EXERCISE MATERIAL:
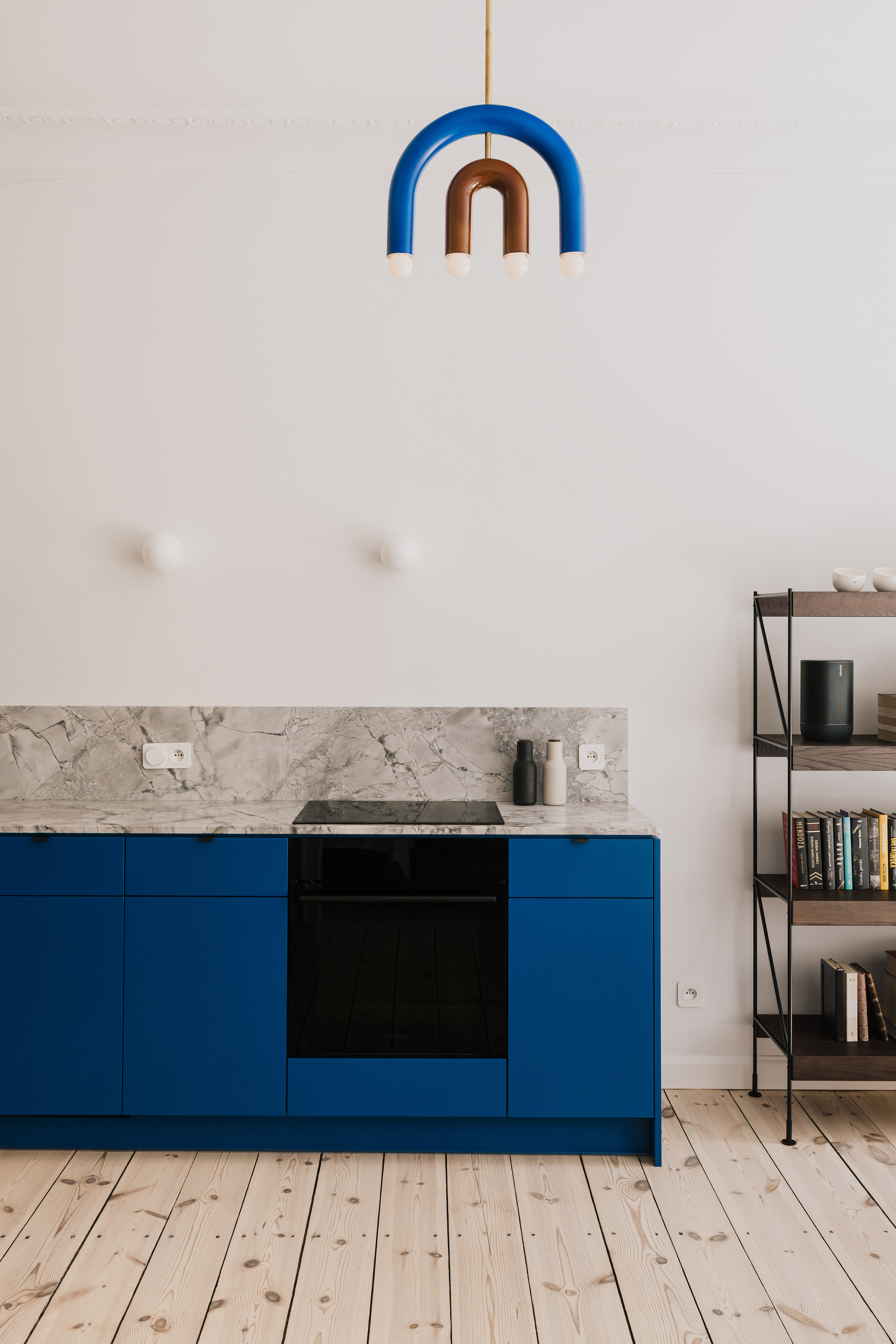 Blue cabinet run with black oven and induction hob under a marble backsplash and a blue and copper arched pendant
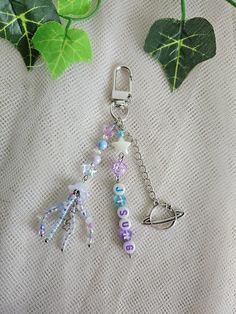 a keychain with beads and charms attached to it sitting on a table next to a plant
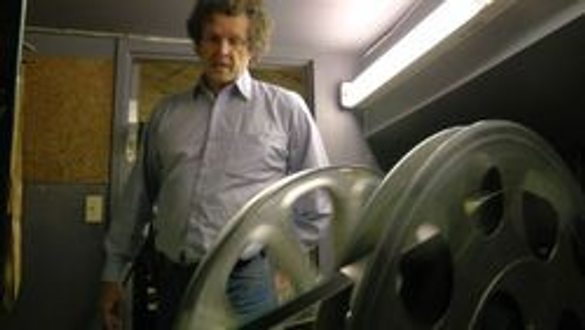 Brian rewinds the movie using a machine called a MUTT. During showtime the filmstrip was pulled off one side of the mutt through a series of tension pulleys.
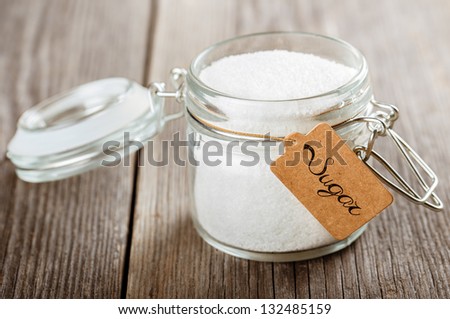 Opened glass jar with sugar. Standing on wooden table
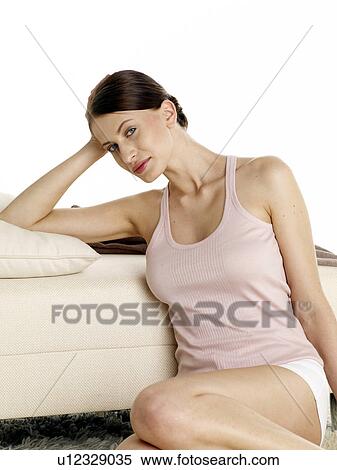 Dark-red haired woman in underwear sitting on the floor View Large Photo Image Stock Photography - Dark-red haired woman in underwear sitting on the floor. Fotosearch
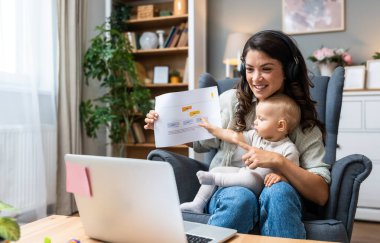 Genç, zeki, yenilikçi bekar anne dizüstü bilgisayarla yeni iş fikrini sunuyor, evde bebekle oturuyor, potansiyel yatırımcıyla konuşuyor. Teknoloji yeniliği.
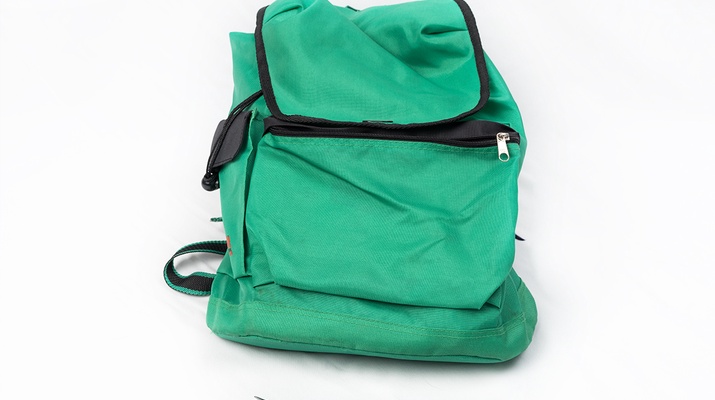 Ein grüner Rucksack, eine Gabel liegt davor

WORK TO BE COMPLETED:
Word for word, repeat only the lines from the line containing "a keychain with" through the end of the data, without any pictures.

ANSWER SECTION:
 a keychain with beads and charms attached to it sitting on a table next to a plant
 Brian rewinds the movie using a machine called a MUTT. During showtime the filmstrip was pulled off one side of the mutt through a series of tension pulleys.
 Opened glass jar with sugar. Standing on wooden table
 Dark-red haired woman in underwear sitting on the floor View Large Photo Image Stock Photography - Dark-red haired woman in underwear sitting on the floor. Fotosearch
 Genç, zeki, yenilikçi bekar anne dizüstü bilgisayarla yeni iş fikrini sunuyor, evde bebekle oturuyor, potansiyel yatırımcıyla konuşuyor. Teknoloji yeniliği.
 Ein grüner Rucksack, eine Gabel liegt davor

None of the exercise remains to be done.